We were a little less extravagant on the Librarian’s birthday but, should the idea appeal and funds be available, I’d certainly recommend a beach hut facing a brooding sea, a bottle of champagne and two glasses (clearly, mine is the one on the left).

Santé!

 

Camping, decamping

Yurt-setting

We drive. We are on, hmm, a short camping trip. Staying in a yurt. In the border country. But did I actually shut the freezer door properly? I only ask because we’ve been woken by the alarm twice before now; and also because we’re now approaching the Second Severn Crossing and it’s too late to do anything about it. Once over the bridge, the motorway traffic stalls and crawls. Flashing signals urge us to keep our speed down to 40, just as the speedometer limps up to 15. Heat. Are my legs swelling as they seemed to the other day? Heat-related oedema, the Librarian explained then, helpfully. I am feeling claustrophobic even in dense traffic these days.

But then, I say (as three army lorries in succession pass us in the slow lane), what’s the worst that can happen if the freezer door isn’t shut? Water all over the kitchen floor and some food ruined? Unless the fridge overheats and explodes, the Librarian suggests. Yes, I agree, unless that.

Still, when we turn off at Junction 24, things ease. Past Abergavenny and heading for Hereford. Along narrow lanes, up agonising tracks. The directions are ambiguous and, once parked, we carefully head off to the wrong corner of the field, staggering under the weight of several bags. We stare at the directions again, peer into dazzling distances, up and down slopes, plunge into clumps of trees and we’re finally there.

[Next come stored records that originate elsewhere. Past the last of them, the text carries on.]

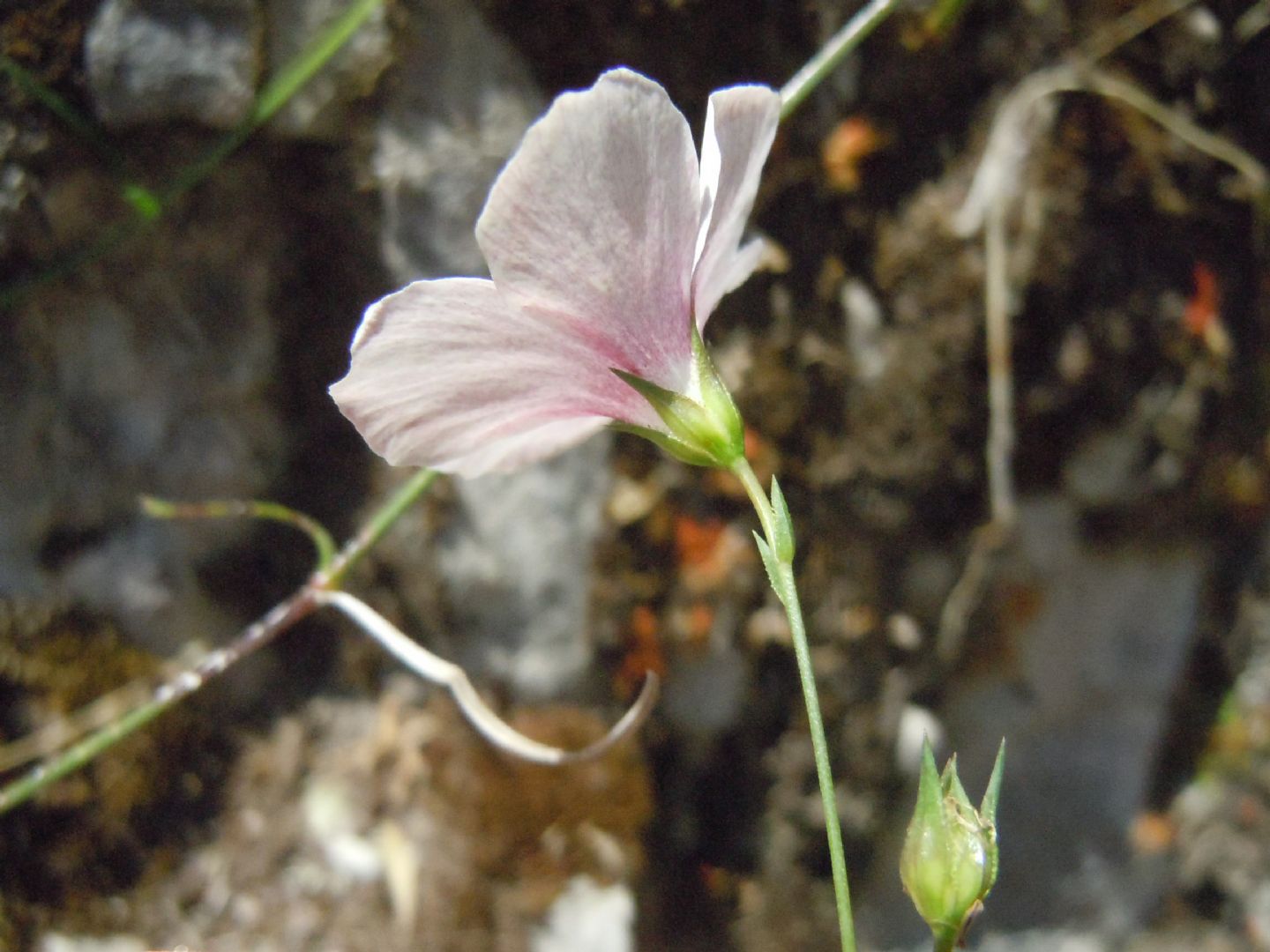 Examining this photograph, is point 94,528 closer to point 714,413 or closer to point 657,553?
point 657,553

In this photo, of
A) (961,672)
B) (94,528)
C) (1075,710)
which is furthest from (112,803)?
(1075,710)

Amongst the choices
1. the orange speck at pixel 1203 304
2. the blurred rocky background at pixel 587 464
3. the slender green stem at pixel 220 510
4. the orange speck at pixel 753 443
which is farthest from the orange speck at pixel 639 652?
the orange speck at pixel 1203 304

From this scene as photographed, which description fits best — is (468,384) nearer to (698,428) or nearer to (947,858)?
(698,428)

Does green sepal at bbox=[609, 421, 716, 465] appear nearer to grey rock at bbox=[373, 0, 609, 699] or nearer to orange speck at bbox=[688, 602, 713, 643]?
grey rock at bbox=[373, 0, 609, 699]

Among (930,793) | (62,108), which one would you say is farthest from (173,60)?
(930,793)

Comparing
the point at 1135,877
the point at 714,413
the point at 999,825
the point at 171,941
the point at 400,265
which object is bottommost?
the point at 1135,877

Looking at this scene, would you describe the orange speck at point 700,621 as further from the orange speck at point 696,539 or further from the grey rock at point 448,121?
the grey rock at point 448,121

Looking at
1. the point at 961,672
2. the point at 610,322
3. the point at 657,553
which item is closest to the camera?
the point at 610,322

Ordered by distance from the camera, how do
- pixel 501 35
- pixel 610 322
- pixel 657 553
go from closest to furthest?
pixel 610 322 → pixel 501 35 → pixel 657 553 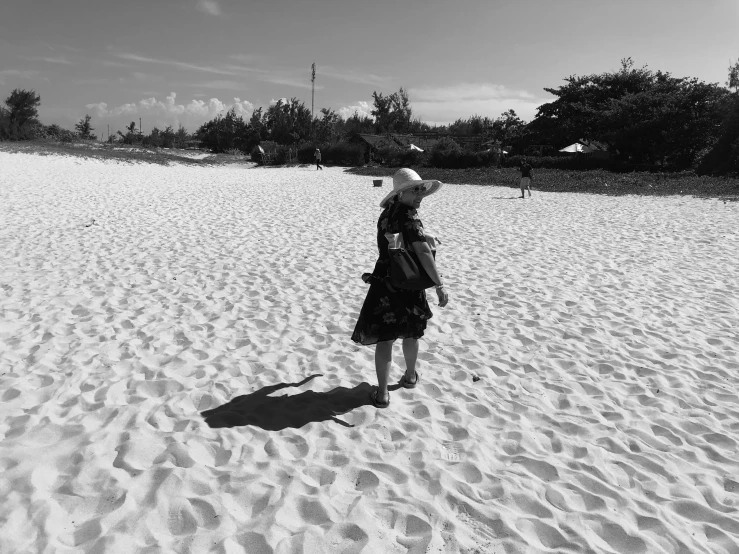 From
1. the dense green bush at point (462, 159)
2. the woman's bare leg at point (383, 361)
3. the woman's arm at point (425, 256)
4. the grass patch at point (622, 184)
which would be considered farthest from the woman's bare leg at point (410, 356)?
the dense green bush at point (462, 159)

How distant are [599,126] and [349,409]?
135ft

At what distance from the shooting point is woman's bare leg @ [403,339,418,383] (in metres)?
4.00

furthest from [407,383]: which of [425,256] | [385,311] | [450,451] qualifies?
[425,256]

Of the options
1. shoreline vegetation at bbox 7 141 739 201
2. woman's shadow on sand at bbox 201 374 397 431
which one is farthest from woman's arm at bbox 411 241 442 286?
shoreline vegetation at bbox 7 141 739 201

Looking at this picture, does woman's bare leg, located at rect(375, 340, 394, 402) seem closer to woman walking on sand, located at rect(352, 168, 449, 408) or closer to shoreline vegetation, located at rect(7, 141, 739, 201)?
woman walking on sand, located at rect(352, 168, 449, 408)

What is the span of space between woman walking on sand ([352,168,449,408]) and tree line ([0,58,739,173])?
104 ft


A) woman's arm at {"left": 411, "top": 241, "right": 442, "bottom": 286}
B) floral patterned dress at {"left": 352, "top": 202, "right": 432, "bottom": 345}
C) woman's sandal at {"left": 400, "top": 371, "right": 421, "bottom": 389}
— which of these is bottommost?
woman's sandal at {"left": 400, "top": 371, "right": 421, "bottom": 389}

It would suit some people very well. It clearly has done: some posted reviews are fulsome, verging on ecstatic. We walk up the field again to get some icepacks from a communal fridge. Back at the yurt, we walk around, go outside, locate the view. Our last holiday deluged us with light and space and air. Here, I feel hemmed in, short of both light and space. There’s a view but it’s round the corner, so to speak.

Yurt-1

This was to be a mini-break for reading and relaxation, simply that: and to exorcize the Librarian’s long-established yurt yearnings. We walk around again, look outside, look at each other. Three questions, I say, four really, if we count the possible freezer door problem. One, could you relax here? Two, could you settle down to read here? Three, would any of the food that we’ve carefully transported here last even until tomorrow morning without turning into something else? The Librarian considers this carefully for almost a second. No. No. And no.

No need to repack bags that were not disturbed. Two trips back up to the car, staggering even more obviously now, as muscles sag and the heat takes its toll. We drive. Only a single navigational hiccup finds us on an unintended road to Chepstow. One signpost mentions fourteen miles but that’s a clearly a joke or local legend. But we do finally emerge at a junction where the caption BRISTOL 17 MILES eases away all tensions and dark suspicions. We drive.

At home, we return the food and drink to fridge and freezer. The plants are already watered, tomorrow’s recycling already outside on the pavement. There is little to do but raise our glasses: ‘Chepstow!’

The freezer door was, of course, firmly closed.